Adventist Logo Adventist Logo Adventist Logo

Adventist Mission

Quietly Doing God's Work

“Dema began to understand that there is a living God who loves her—the God who made everything, including her.”

The Kingdom of Bhutan is a tiny country between India, Tibet, and China. Even though it is a tiny country, Bhutan has very big mountains! The people who live there (called Bhutanese) are friendly, and many of them are farmers who grow food or take care of animals.

Most people (about 75 percent) who live in Bhutan follow a kind of religion called Tibetan Buddhism. The rest of the people follow a mixture of Buddhism and Hinduism, a religion from India. There are very few Christians there. In Bhutan it is against the law for people to change their religion. 

The Seventh-day Adventist Church started working for the Bhutanese people in 1991, but it was hard. Because Christian missionaries aren’t allowed into Bhutan, the Adventist missionaries started telling the people from Bhutan living across the border in India about Jesus. Two years later a few of these Bhutanese people in India had become believers. Then some Bible workers taught these people how to give Bible studies. Some of the new believers went back to Bhutan to tell others what they had learned. A few years later about 120 Bhutanese people had become Seventh-day Adventists. 

Dema’s Answered Prayers

Dema [DEE-mah] was born in eastern Bhutan. Her parents are Buddhists. Dema completed school through tenth grade in her hometown. Her parents began looking for a school where she could continue her studies, but it wasn’t easy to find a school in Bhutan. 

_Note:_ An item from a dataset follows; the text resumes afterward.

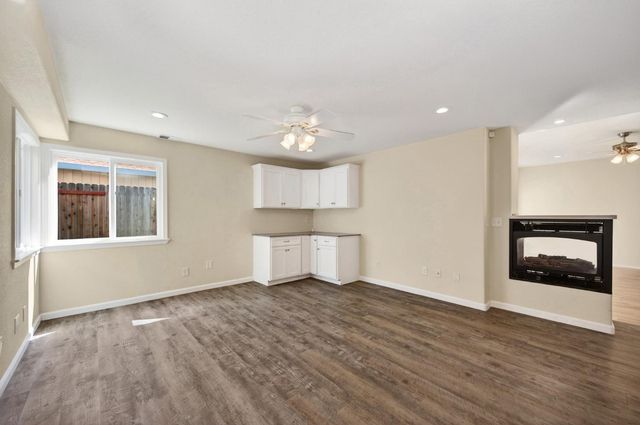 8314 Bramble Bush Cir, Antelope, CA 95843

About this time Dema met an Adventist man who told her many stories from the Bible. Through these stories Dema learned about the creation of the world and God’s Sabbath day. She began to understand that there is a living God who loves her—the God who made the earth and all the creatures in it, including her. 

Dema’s parents decided to send her to Darjeeling, a city in northern India, to study.  But the Adventist man worried that if Dema were to go to Darjeeling, she would forget what she had learned about God and the Bible. She might never have another opportunity to learn about Jesus Christ. The man told Dema about an Adventist boarding school in northern India where she could complete her high school studies. Dema was excited to think that she could attend a Christian school and began praying that her parents would change their mind about sending her to Darjeeling. She told her parents about the Adventist boarding school, and they decided to send her there for her studies. God answered Dema’s prayers, and she was able to study in the Adventist school, where she learned so much more about Jesus than she could ever have learned in Bhutan. Now she can quietly tell other people in Bhutan about what she learned at the Adventist school and teach them about Jesus.